Benedict has been hammering away at this message since his 2006 Regensburg address. Yet while it’s obviously relevant for countries like Communist China, the most systematic and ferocious violations of religious liberty today are occurring in the Islamic world. To grasp just how awful things are, everyone should read Rupert Shortt’s just-published Christianophobia.
Unfortunately the problem goes beyond jihadists.
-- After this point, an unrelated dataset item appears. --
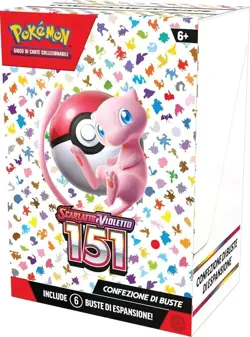 Pokemon 151 Bundle Box 6 Buste Display Pack Mew Scarlatto e Violetto ITA NEW - Image 2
As the president of the Pontifical Council for Interreligious Dialogue, Cardinal Jean-Louis Tauran observed in a recent interview: “the great problem lies in the fact that in countries where Muslim law is that of the majority, as of now no Muslim accepts that the freedom to change religion, or to choose it, should be inscribed in a legal text.” Somewhat ominously, Tauran then commented: “In all of my conversations with Muslims, many of them well-disposed, this has been a taboo subject.”
There is, however, a second dimension of Dignitatis humanae which Benedict considers critical for addressing sick religiosity. Here we should recall that the Declaration’s argument for religious liberty is not based upon the type of pluralism-for-the-sake-of-diversity babble that’s corrupted most universities. Instead it is grounded upon religious liberty as a precondition for the honest search for and embrace of religious truth.
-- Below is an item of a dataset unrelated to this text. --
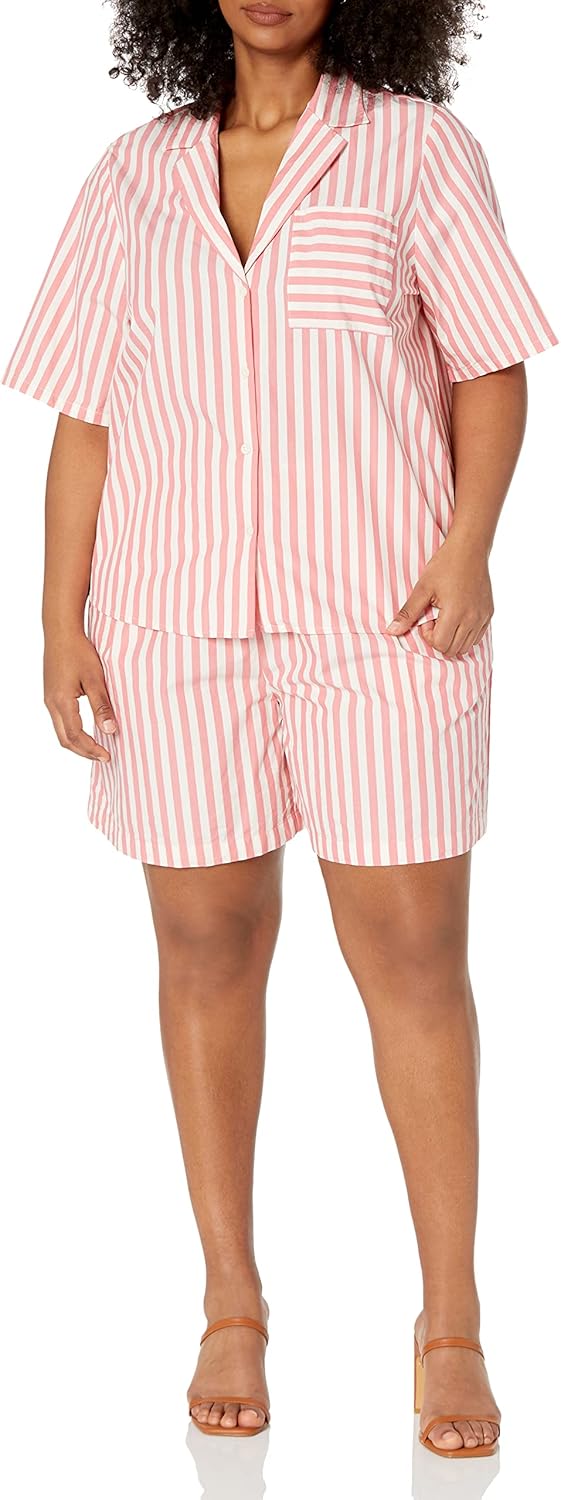 The Drop Damen Shorts Jada Shorts mit Hoher Taille und Lockerem Schnitt XXL Sun Kissed Korallenstrei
Just as the Church sees the truth about man as the foundation for religious liberty, Catholicism also regards truth as the end of religious liberty. Dignitatis Humanae was never about putting error and truth on the same footing. In fact, it explicitly disavowed that claim. For why else would you rationally choose to be a Catholic unless you’re convinced that orthodox Christianity’s claims are true and all other religions are therefore either incomplete to varying degrees or deeply erroneous? To that extent, Dignitatis Humanae was always concerned with creating the conditions for the Church to propose the truth of Christianity in a context in which everyone was free to argue about the truth without killing each other.
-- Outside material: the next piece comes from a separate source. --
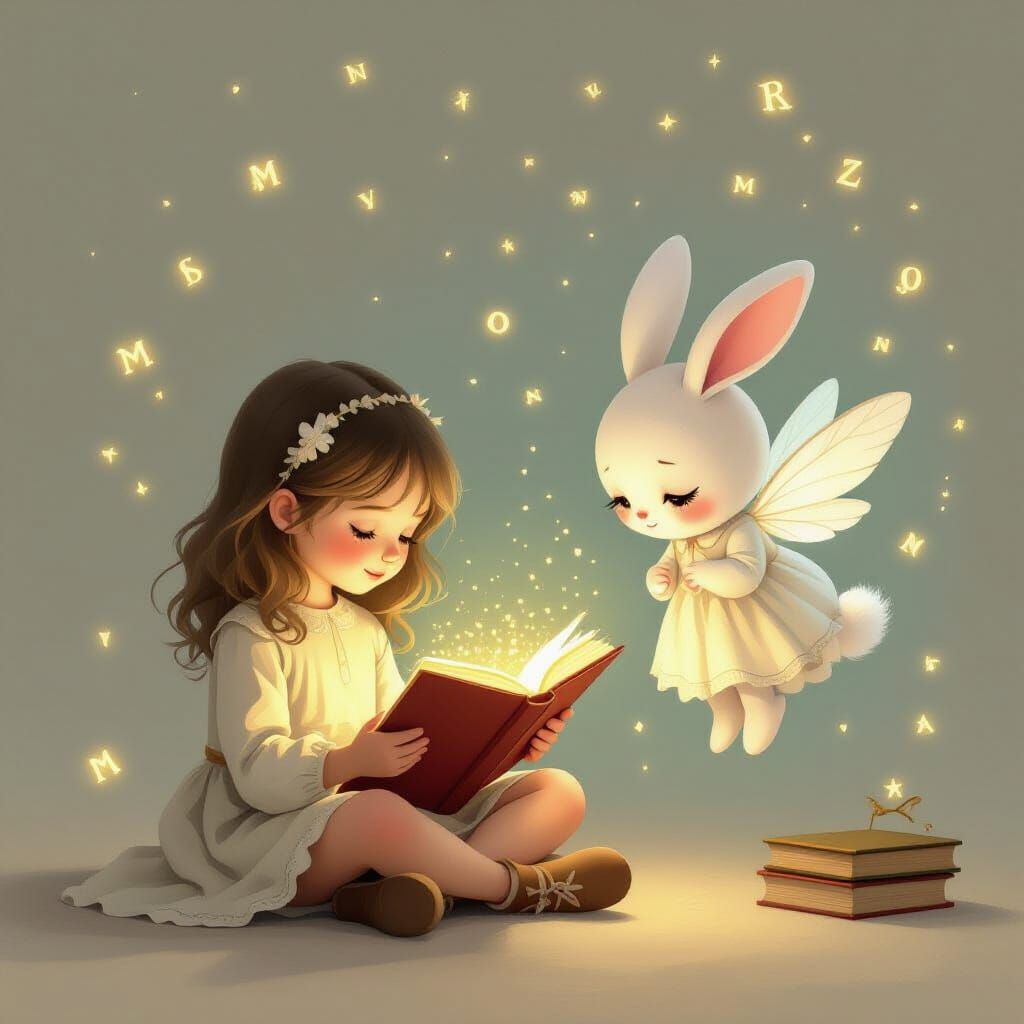 Enchanting Storybook Illustration of Luna and Gustine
As Benedict wrote in his Osservatore Romano piece, “the Christian faith, from the outset, adopted a critical stance towards religion, both internally and externally.” If, as reported, Benedict is preparing an encyclical on faith to complete what would be a trilogy of encyclicals on love and hope, he may well use the occasion to illustrate how faith can become positively pathological, just as he’s shown how love can be distorted into liberal sentimentalism, and hope into secularist utopianism.
And as every single Christian living in the Middle East today knows, that’s a warning about faith which today’s world desperately needs to hear.